Mechanistic interpretability is motivated heavily by AI safety concerns. The core problem is that behavioral evaluations — testing a model on benchmarks — cannot guarantee safe behavior in novel situations. A model could appear aligned on all tested distributions while harboring deceptive patterns that activate under other conditions.

Safety applications

  • Alignment verification: inspect whether the model's internal representation of its goal matches its stated goal
  • Deception detection: look for features representing "user believes X but model believes Y" type patterns
  • Capability auditing: identify what circuits exist before a model is deployed
  • Targeted intervention: clamp or ablate harmful features without full retraining

Current limitations

  • Full mechanistic understanding of even a small transformer is intractable today
  • Most SAE-extracted features are inscrutable — only a small fraction have clear human interpretations
  • Circuit analysis doesn't yet scale to production-size models (70B+ parameters)
  • Progress is slow relative to the rate at which model capabilities are growing
  • Adversarial inputs can activate unexpected circuits not captured by standard analysis

Tools of the Trade

ToolPurposeMaintained by
TransformerLensHook into any layer/head of GPT-2, Llama, Mistral etc.; inspect and patch activationsEleutherAI / Neel Nanda (open source)
SAELensTraining and analysis library for sparse autoencoders; works with TransformerLensJoseph Bloom / community
NeuronpediaWeb interface for browsing SAE features; steering experiments; crowd-sourced feature labelingJohnny Lin / community
Anthropic Interpretability APIAccess to Claude model internals for research; activation patching via APIAnthropic (research access)
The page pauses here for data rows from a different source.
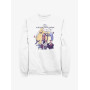 Disney l'étrange noël de Mr Jack Scary Squad Sweatshirt - Préco Juin 202531344588_hi?$productMainDesktop$&fmt=auto1234531344588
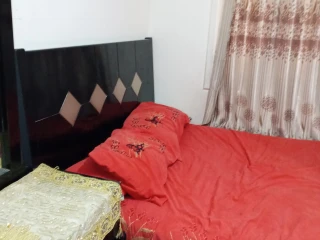 شقه لايجار مفروش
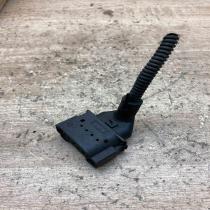 7789318 64214  Plug wire BMW 5 E39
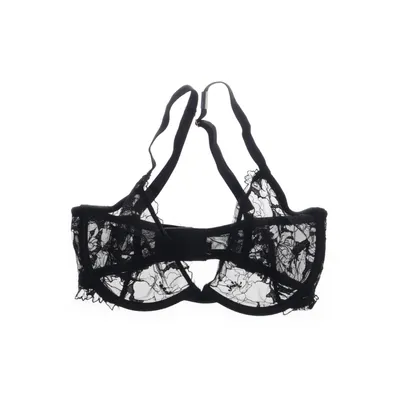 BH (Svart)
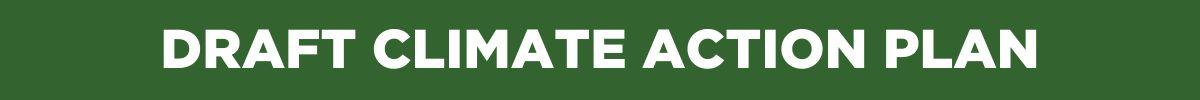 Draft Climate Action Plan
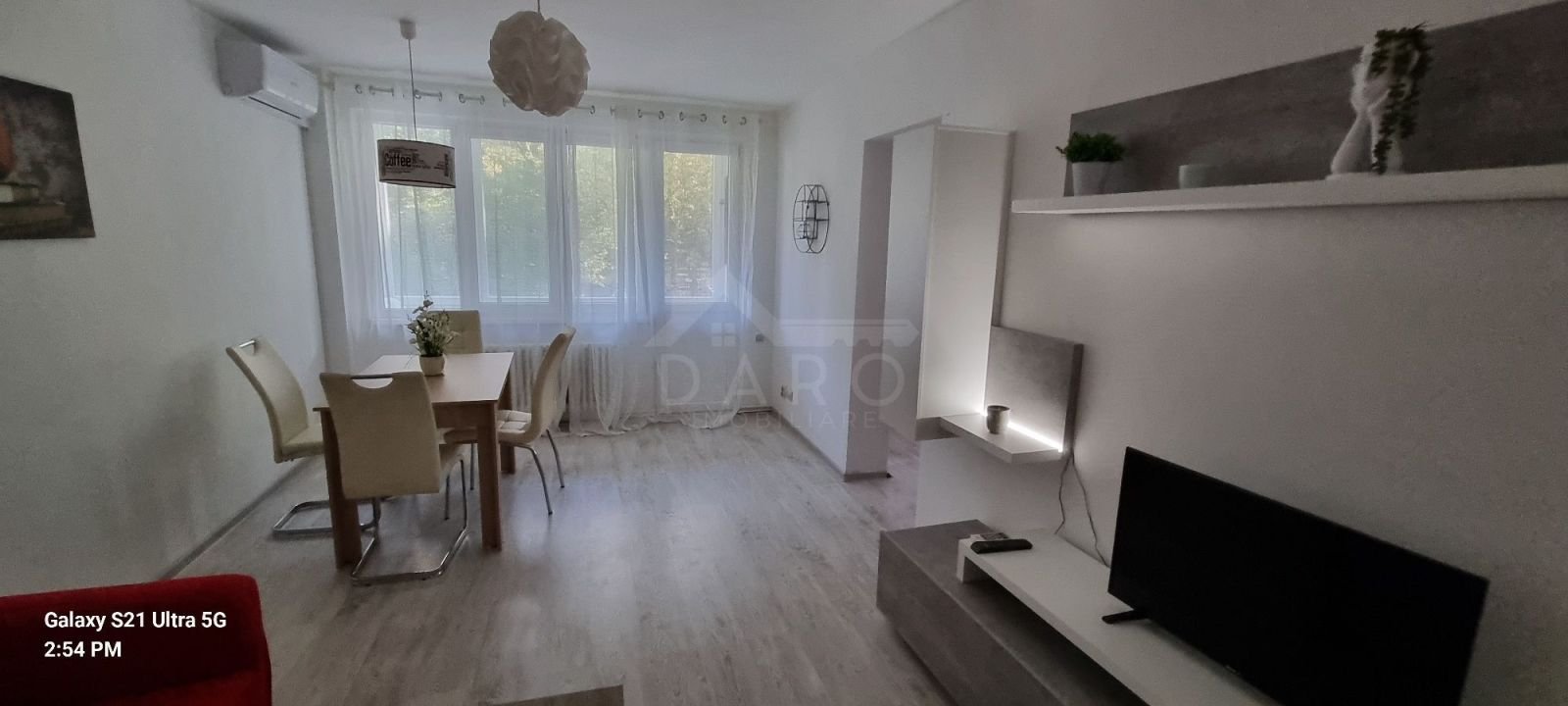 87ee6ecdf32f4e5bbb559b907e4ea39d Inchiriere apartament 3 camere 7 noiembrie.For rent 2 bedrooms,1 living room,2 bathrooms apartment near UMFST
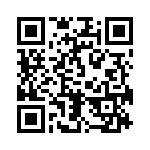 8D025W19SC-LC QRCode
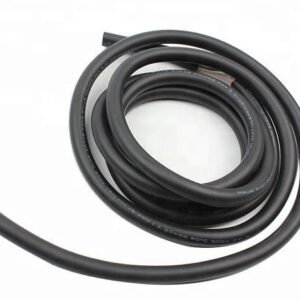26 Core Shielded Cable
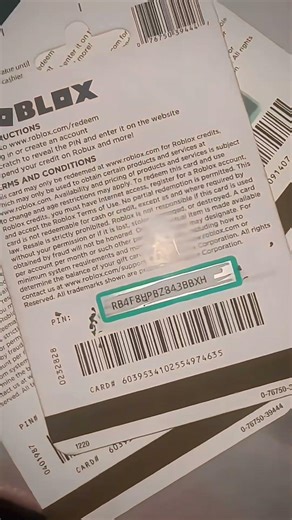 ROBUX Giveaway!🔥🔥 I'm Giving Away FREE Robux! #roblox #robux #robloxgiveaway #shorts #ytshorts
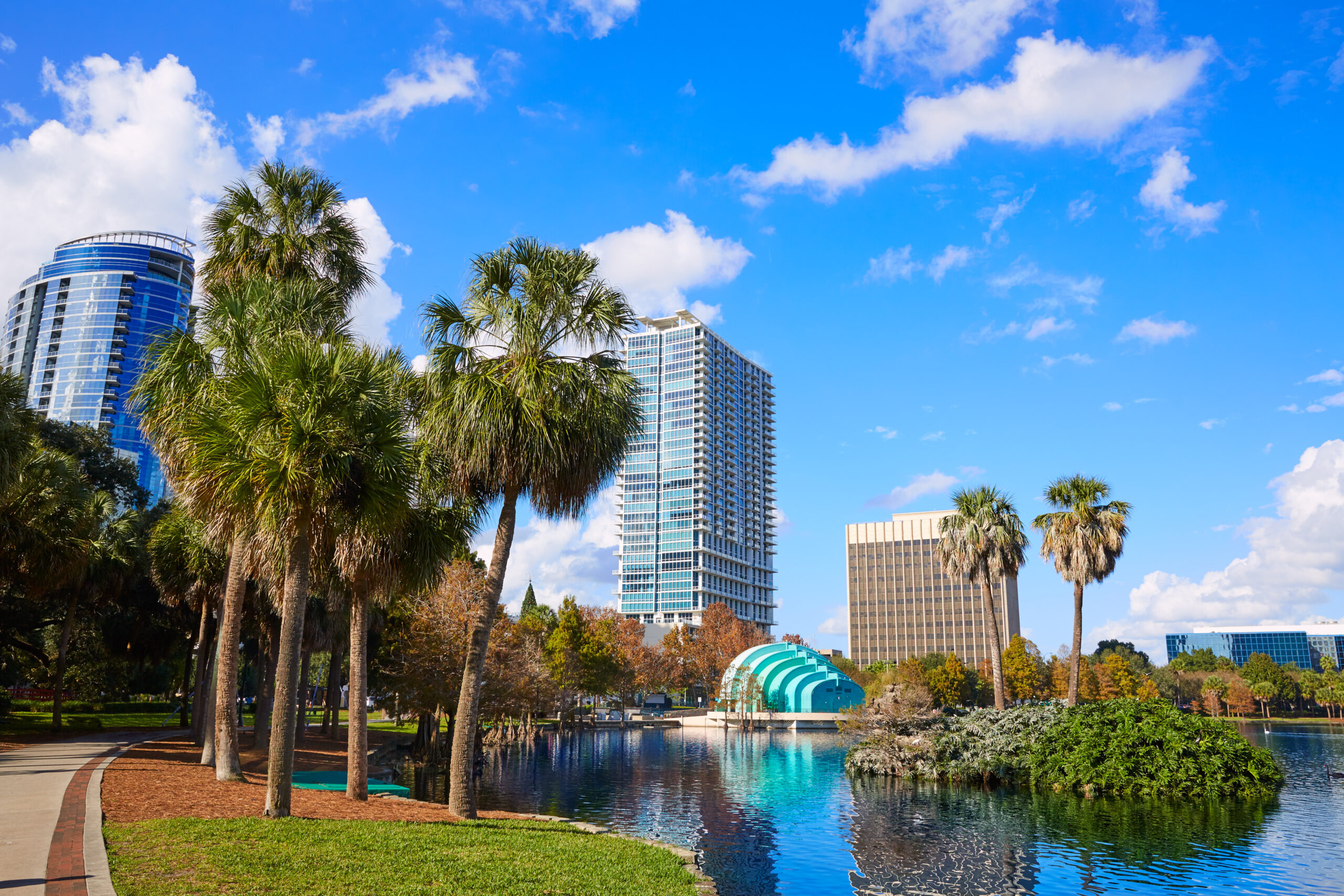 Florida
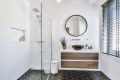 Ekskluzywne aranżacje - Zmysłowe zestawy mebli łazienkowych, które przemienią Twoją łazienkę w oazę relaksu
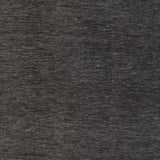 KRAVET SMART 36662.21.0 KRAVET SMART 36662-21 Fabric - Eade's Wallpaper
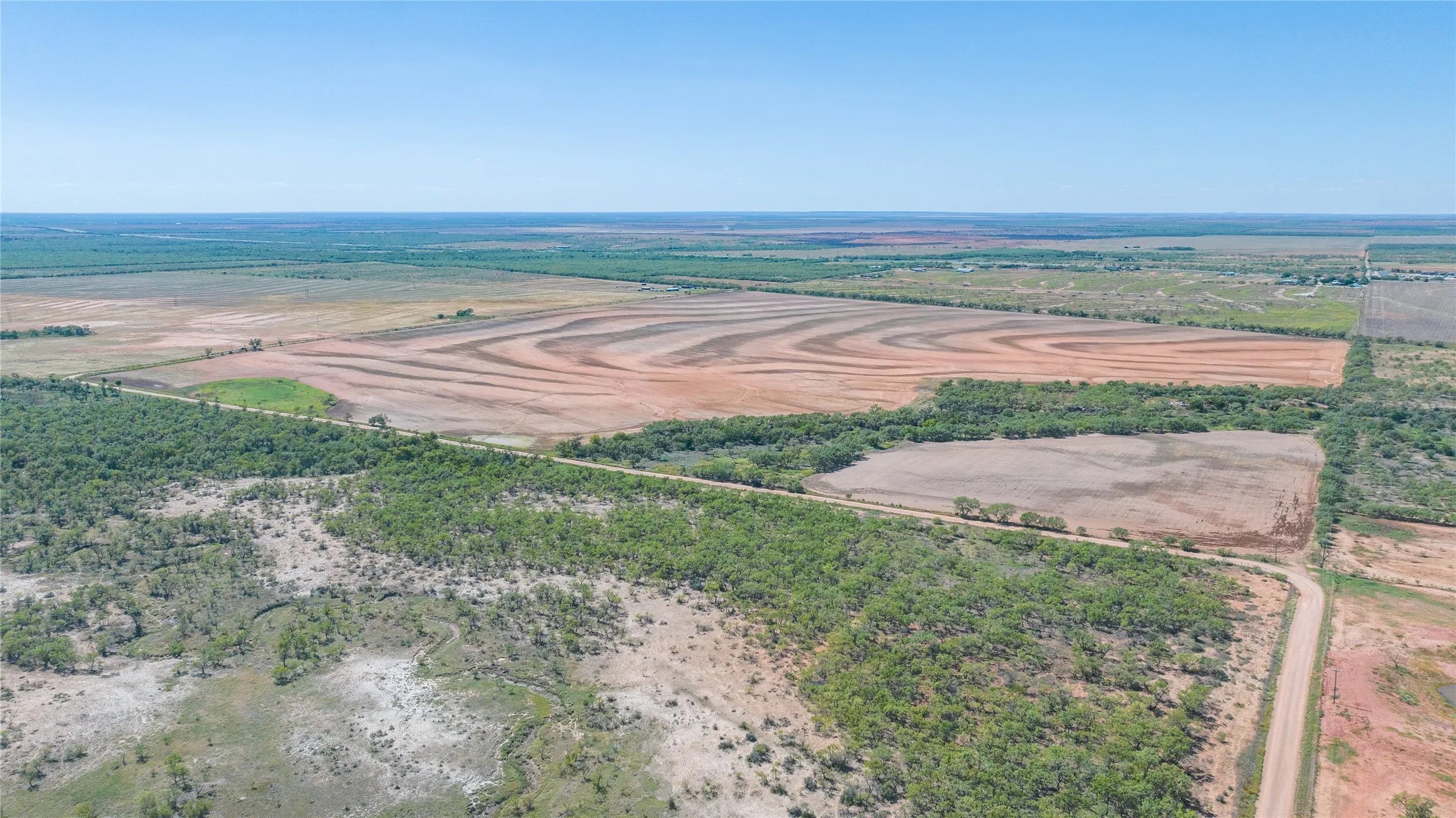 Unimproved Land For Sale in Haskell County , 175 Acres Kimbrough Rd, Haskell, Texas 79521, 0, 0, Garage spaces, 0 Sqft, built in 0, mls#21409512, Real Estate Agent in Haskell, Homes For Sale in Haskell county, Homes For Sale in Haskell, Realtor in Haskell Texas, Real Estate Brokerage Independent Realty Texas, Luminita Cordes Realtor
Checklist: Do You Understand This?

  • Can you explain what a "feature" means in the context of mechanistic interpretability — how does it differ from a neuron?
  • What is superposition, and why does it make individual neurons hard to interpret?
  • How does a sparse autoencoder (SAE) decompose superposed features? What is the role of the L1 sparsity penalty?
  • What are induction heads, and what computational function do they implement?
  • Why is behavioral evaluation alone insufficient to verify model alignment? What does mechanistic interpretability add?
  • What are two concrete safety applications of mechanistic interpretability, and what are two current limits of the approach?